From: Nai Xia <nai.xia@gmail.com>
To: Peter Zijlstra <a.p.zijlstra@chello.nl>
Cc: Andrea Arcangeli <aarcange@redhat.com>,
linux-kernel@vger.kernel.org, linux-mm@kvack.org,
Hillf Danton <dhillf@gmail.com>, Dan Smith <danms@us.ibm.com>,
Linus Torvalds <torvalds@linux-foundation.org>,
Andrew Morton <akpm@linux-foundation.org>,
Thomas Gleixner <tglx@linutronix.de>, Ingo Molnar <mingo@elte.hu>,
Paul Turner <pjt@google.com>,
Suresh Siddha <suresh.b.siddha@intel.com>,
Mike Galbraith <efault@gmx.de>,
"Paul E. McKenney" <paulmck@linux.vnet.ibm.com>,
Lai Jiangshan <laijs@cn.fujitsu.com>,
Bharata B Rao <bharata.rao@gmail.com>,
Lee Schermerhorn <Lee.Schermerhorn@hp.com>,
Rik van Riel <riel@redhat.com>,
Johannes Weiner <hannes@cmpxchg.org>,
Srivatsa Vaddagiri <vatsa@linux.vnet.ibm.com>,
Christoph Lameter <cl@linux.com>, Alex Shi <alex.shi@intel.com>,
Mauricio Faria de Oliveira <mauricfo@linux.vnet.ibm.com>,
Konrad Rzeszutek Wilk <konrad.wilk@oracle.com>,
Don Morris <don.morris@hp.com>,
Benjamin Herrenschmidt <benh@kernel.crashing.org>
Subject: Re: [PATCH 13/40] autonuma: CPU follow memory algorithm
Date: Fri, 29 Jun 2012 22:11:35 +0800 [thread overview]

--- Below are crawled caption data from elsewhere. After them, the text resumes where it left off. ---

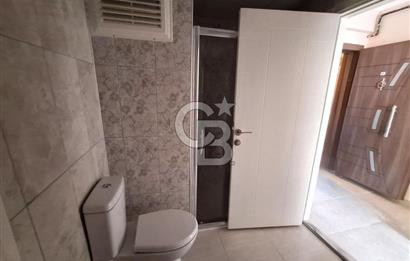 ÇANAKKALE LAPSEKİ ÇARDAKTA KAPALI MUTFAK 2+1 KİRALIK DAİRE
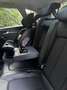 Audi Q5 40 TDI quattro S tronic sport - thumbnail 8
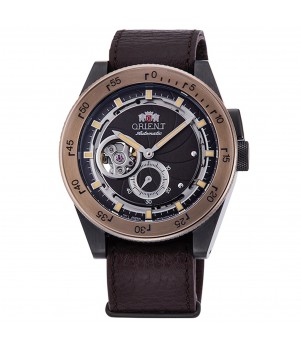 Ceas Barbati, ORIENT MOD. RA-AR0203Y10B RA-AR0203Y10B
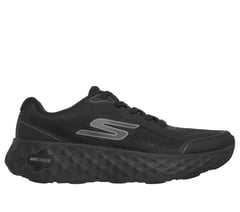 GO WALK Max Cushioning Flex - Oswaldo — BLACK 1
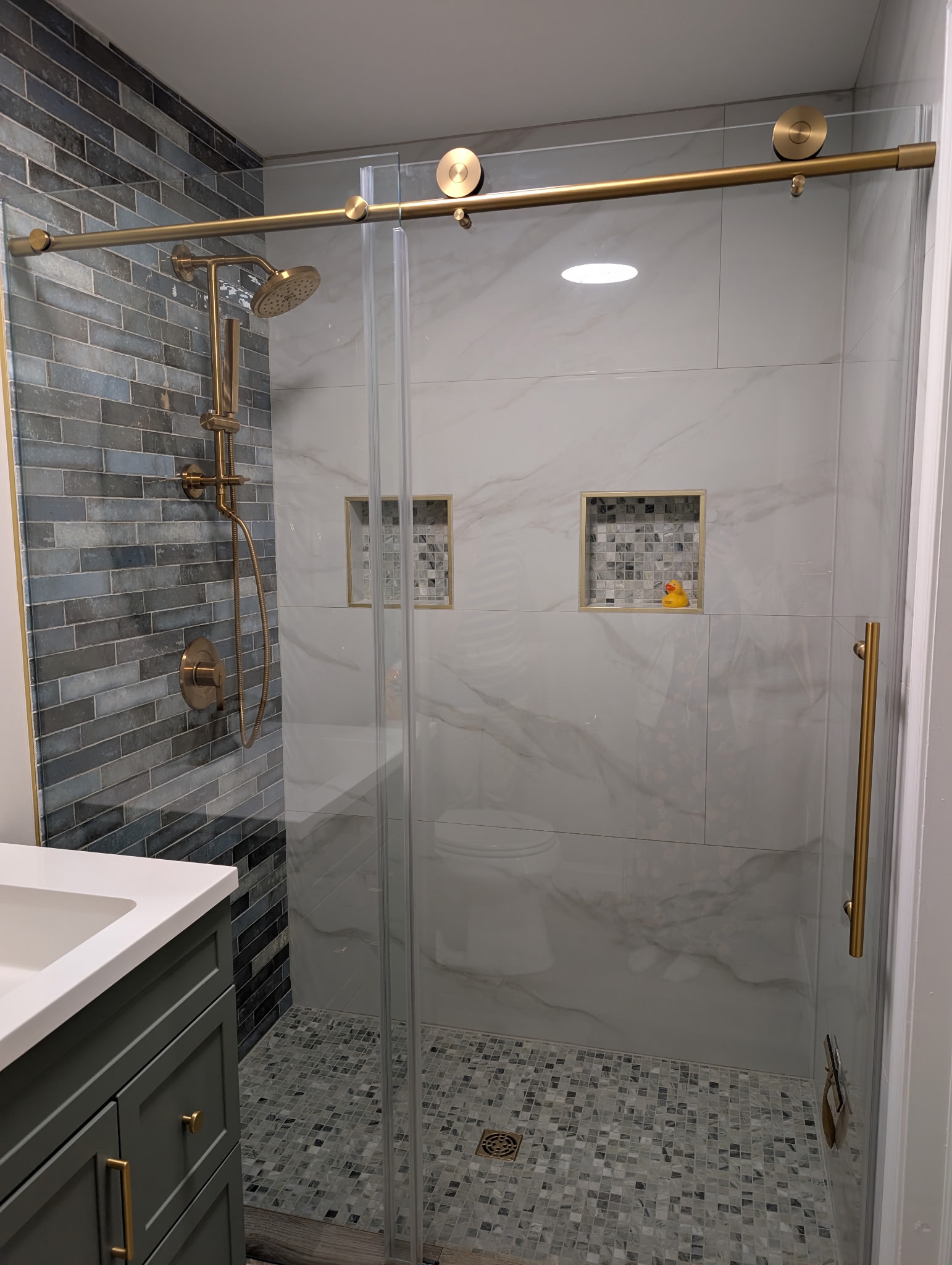 97cbf8985a454145aec537a09995983c IMG 1810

Message-ID: <4FEDB797.3050804@gmail.com> (raw)
In-Reply-To: <1340894776.28750.44.camel@twins>
On 2012a1'06ae??28ae?JPY 22:46, Peter Zijlstra wrote:
> On Thu, 2012-06-28 at 14:55 +0200, Andrea Arcangeli wrote:
>> +/*
>> + * This function sched_autonuma_balance() is responsible for deciding
>> + * which is the best CPU each process should be running on according
>> + * to the NUMA statistics collected in mm->mm_autonuma and
>> + * tsk->task_autonuma.
>> + *
>> + * The core math that evaluates the current CPU against the CPUs of
>> + * all _other_ nodes is this:
>> + *
>> + * if (w_nid> w_other&& w_nid> w_cpu_nid)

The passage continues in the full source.